=== What to produce ===
For the material below, reproduce exactly each line from the one that has "Letter of thanks" through the one that has "Red M Tech Fire Fighter Rescue Knife", and no others; pictures stay out.

=== Exercise material ===
*-*-*

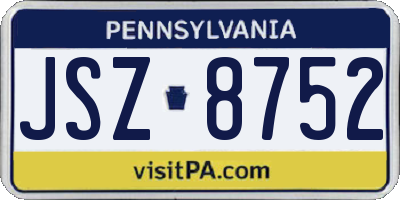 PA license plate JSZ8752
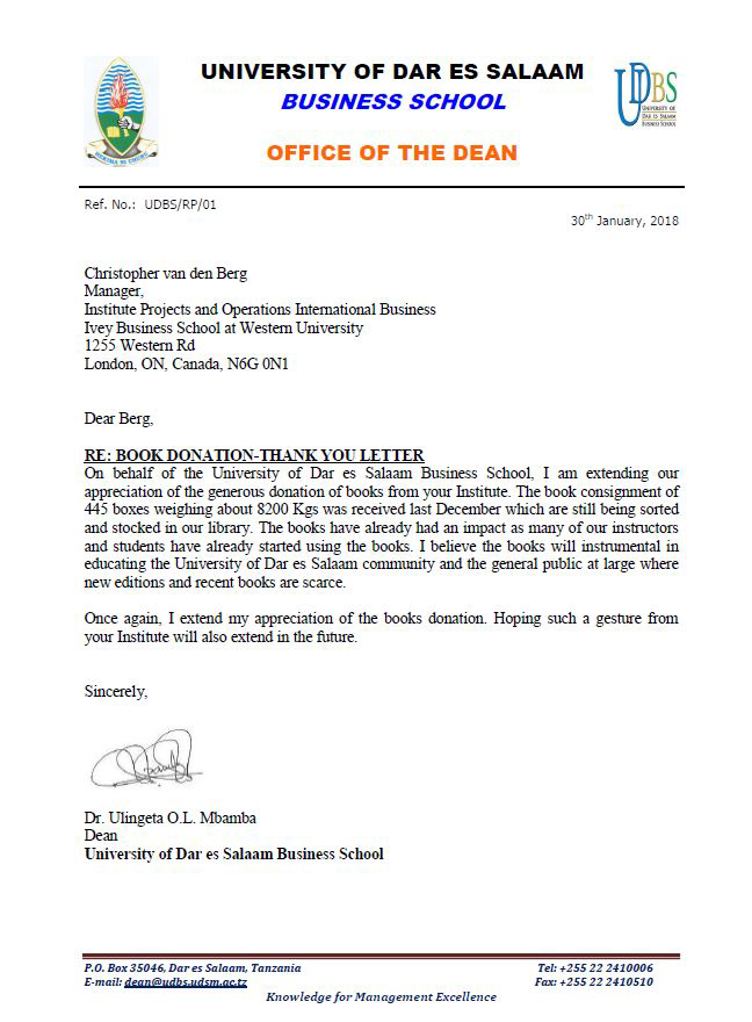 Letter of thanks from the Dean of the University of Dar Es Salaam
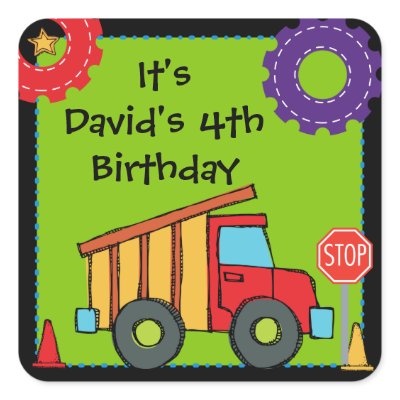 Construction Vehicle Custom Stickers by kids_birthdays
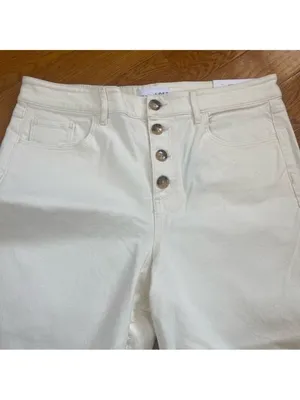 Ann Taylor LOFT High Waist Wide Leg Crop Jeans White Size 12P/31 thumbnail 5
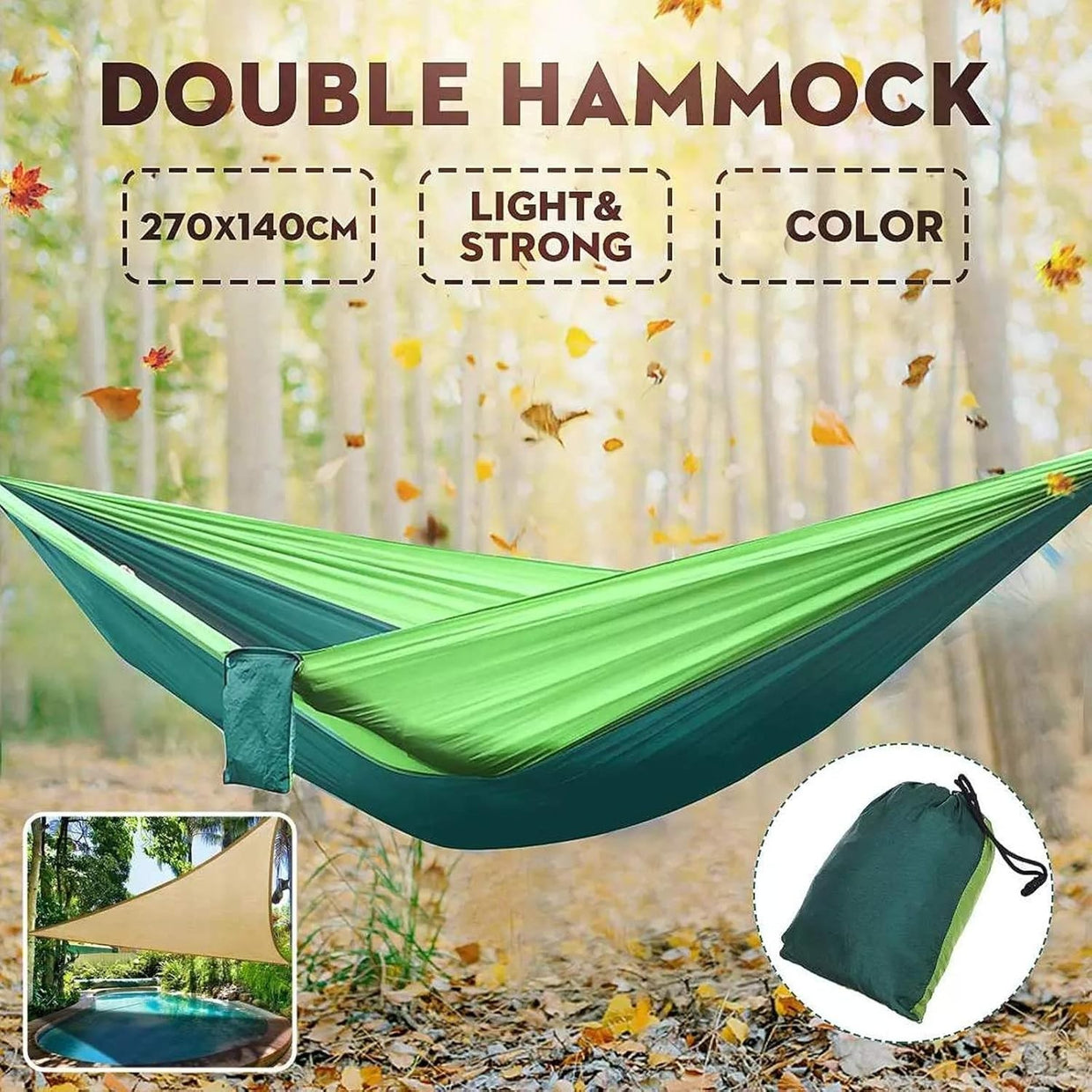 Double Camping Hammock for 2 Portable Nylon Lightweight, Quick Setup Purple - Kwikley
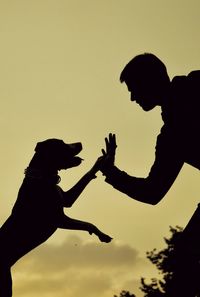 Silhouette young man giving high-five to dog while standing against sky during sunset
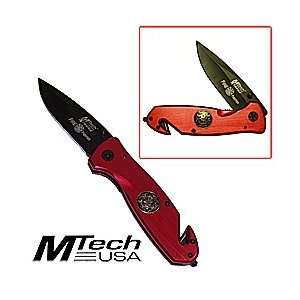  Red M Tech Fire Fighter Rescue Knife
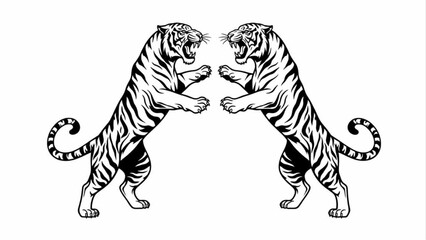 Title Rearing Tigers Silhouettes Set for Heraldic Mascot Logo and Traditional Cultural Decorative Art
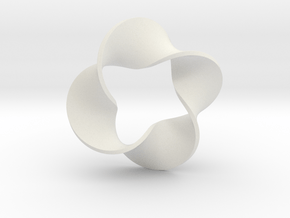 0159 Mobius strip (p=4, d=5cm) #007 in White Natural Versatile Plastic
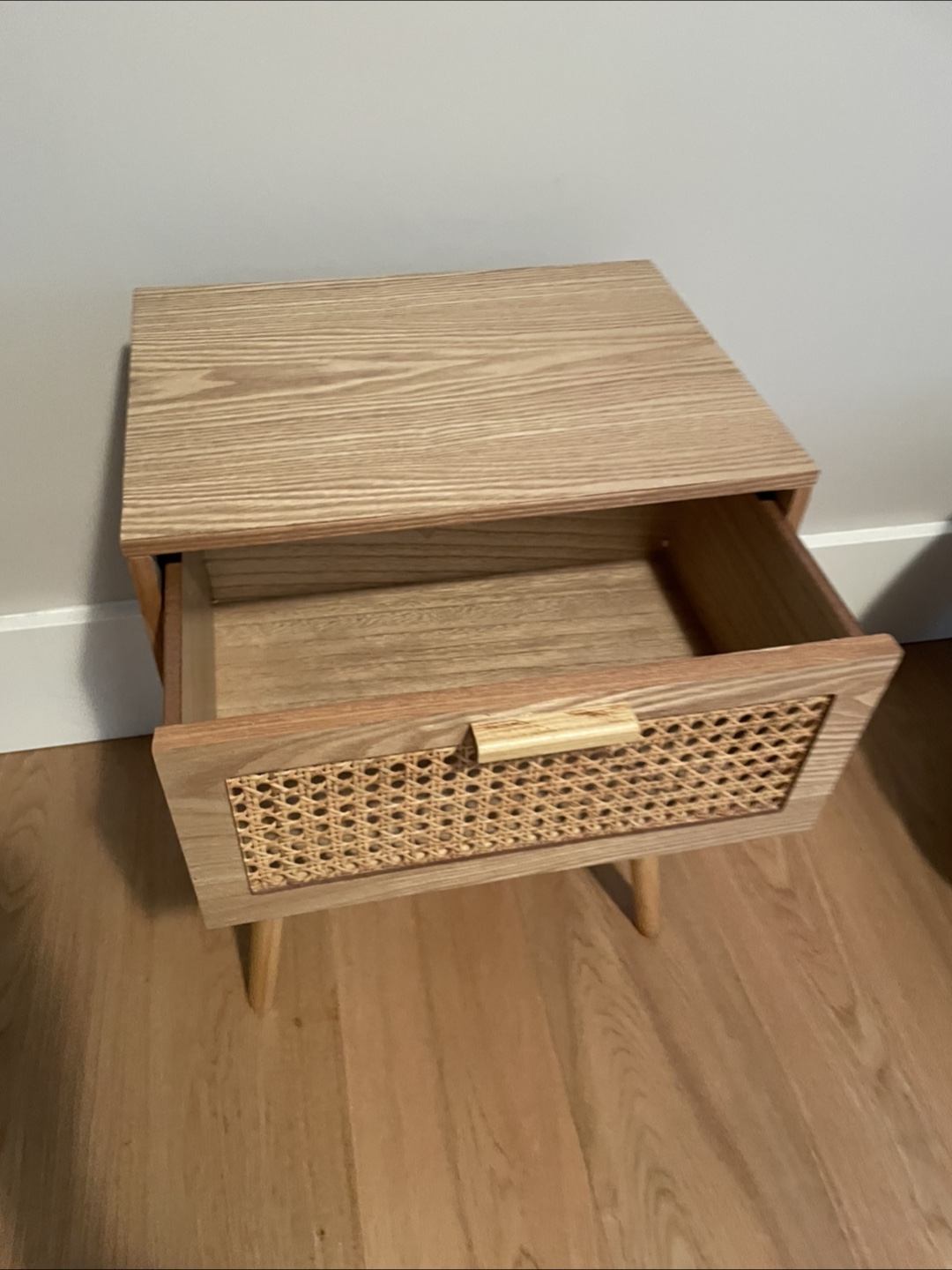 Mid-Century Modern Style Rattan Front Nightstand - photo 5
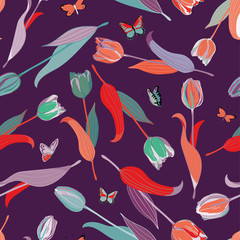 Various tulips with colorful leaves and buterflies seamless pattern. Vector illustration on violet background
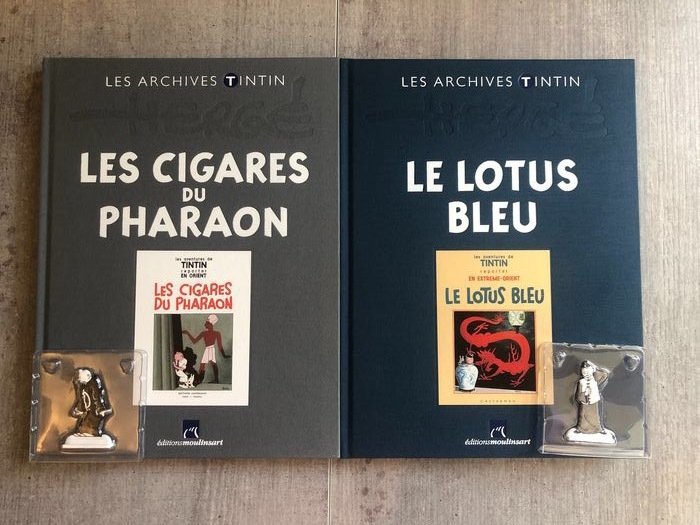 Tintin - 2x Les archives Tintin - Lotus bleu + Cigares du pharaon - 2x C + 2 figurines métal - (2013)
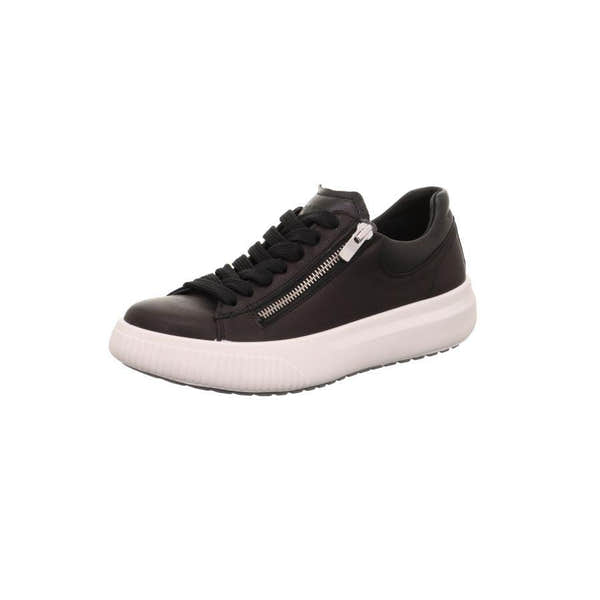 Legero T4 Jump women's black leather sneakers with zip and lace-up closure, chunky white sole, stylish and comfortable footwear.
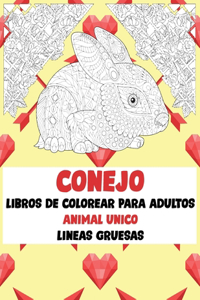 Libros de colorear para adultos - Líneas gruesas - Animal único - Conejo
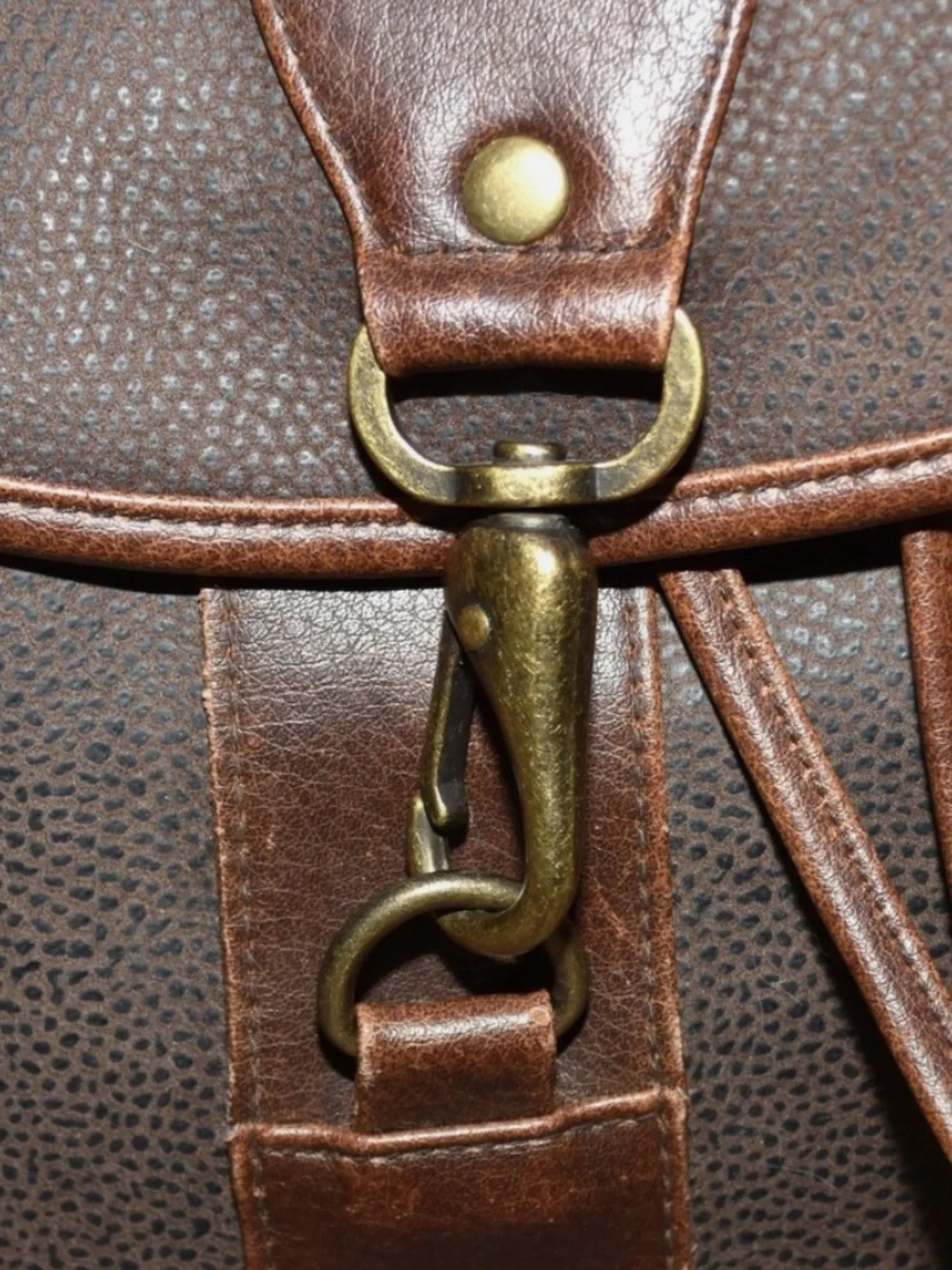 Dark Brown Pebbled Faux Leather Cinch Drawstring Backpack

*-*-*

=== Solution for this task ===
 Letter of thanks from the Dean of the University of Dar Es Salaam
 Construction Vehicle Custom Stickers by kids_birthdays
 Ann Taylor LOFT High Waist Wide Leg Crop Jeans White Size 12P/31 thumbnail 5
 Double Camping Hammock for 2 Portable Nylon Lightweight, Quick Setup Purple - Kwikley
 Silhouette young man giving high-five to dog while standing against sky during sunset
  Red M Tech Fire Fighter Rescue Knife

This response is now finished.